§ Task item: When you print the records below, keep every word exact and leave out the images.

=== Begin Enclosure ===

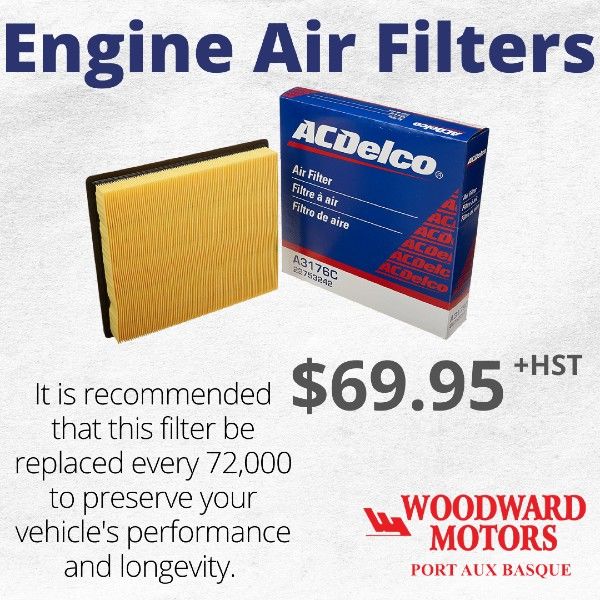 Engine Air Filter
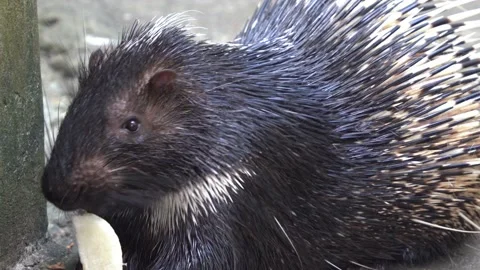 Hungry malayan porcupine or himalayan po... | Stock Video | Pond5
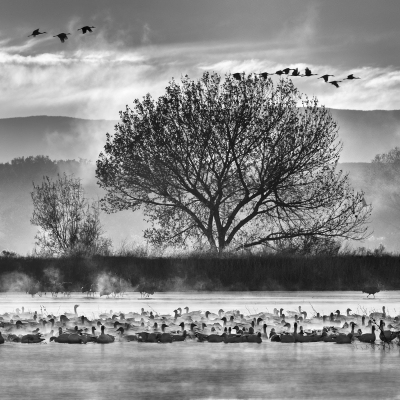 MPS Second Place B&W: Laura Zamfireescu’s “The Morning Gathering.” Courtesy of MPS Laura Zamfireescu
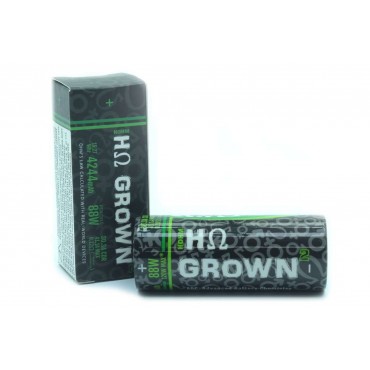 26650 Akku HohmTech GROWN² 4244mAh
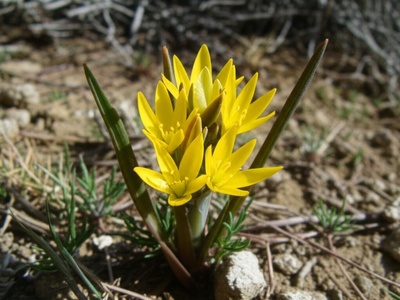 Dayan's Gagea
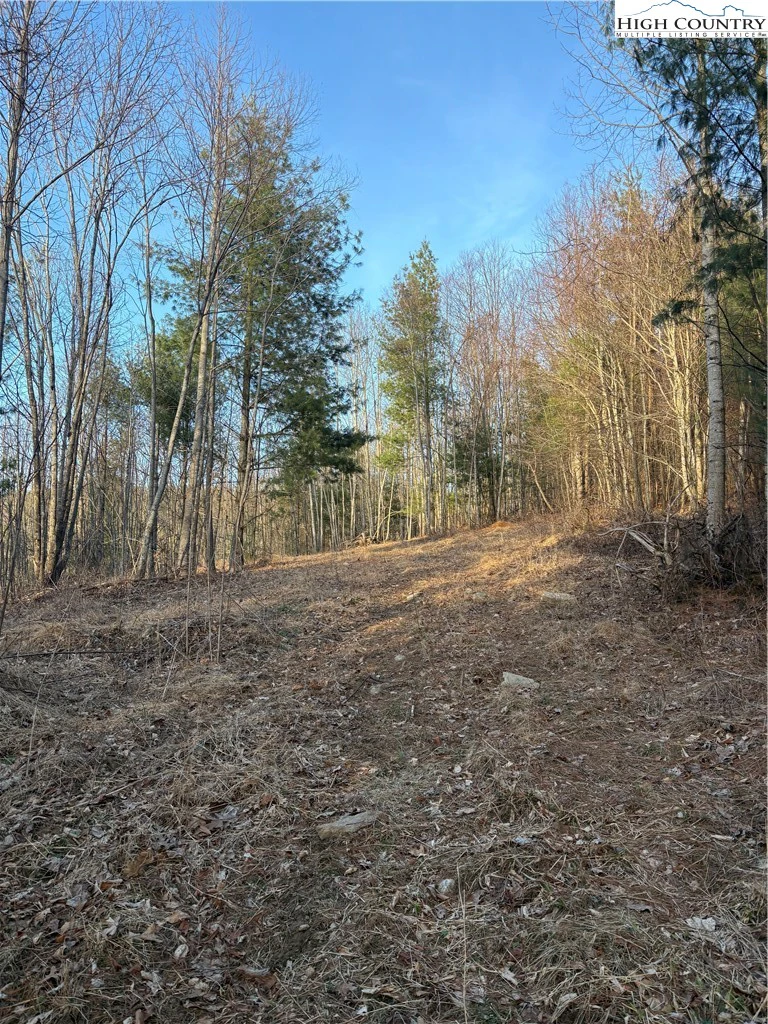 Image number 7 for the current listing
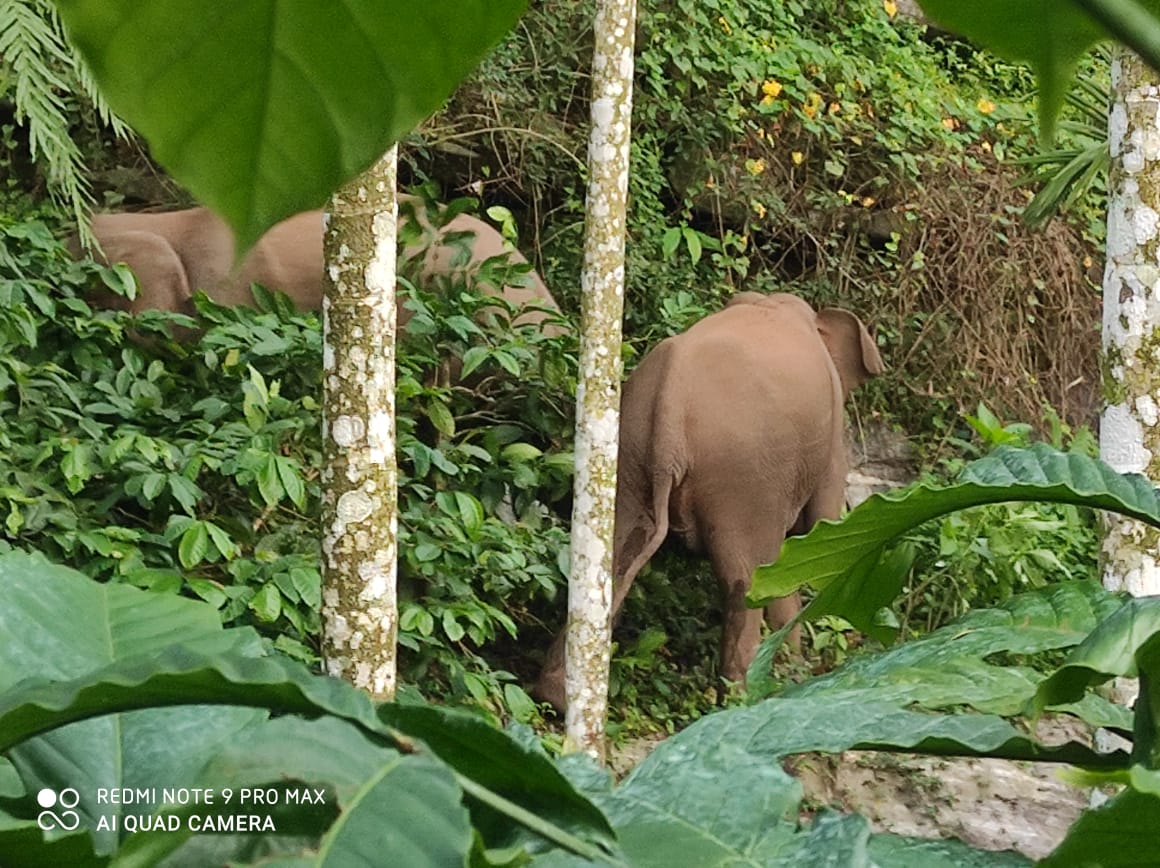 ಕಳಸ: ಹಾಡಹಗಲೇ ರಾಜಾರೋಷವಾಗಿ ತಿರುಗಾಡುತ್ತಿರುವ ಆನೆಗಳ ಹಿಂಡು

=== End Enclosure ===

§ Answer to this problem:
 Engine Air Filter
 Hungry malayan porcupine or himalayan po... | Stock Video | Pond5
 MPS Second Place B&W: Laura Zamfireescu’s “The Morning Gathering.” Courtesy of MPS Laura Zamfireescu
 26650 Akku HohmTech GROWN² 4244mAh
 Dayan's Gagea
 Image number 7 for the current listing
 ಕಳಸ: ಹಾಡಹಗಲೇ ರಾಜಾರೋಷವಾಗಿ ತಿರುಗಾಡುತ್ತಿರುವ ಆನೆಗಳ ಹಿಂಡು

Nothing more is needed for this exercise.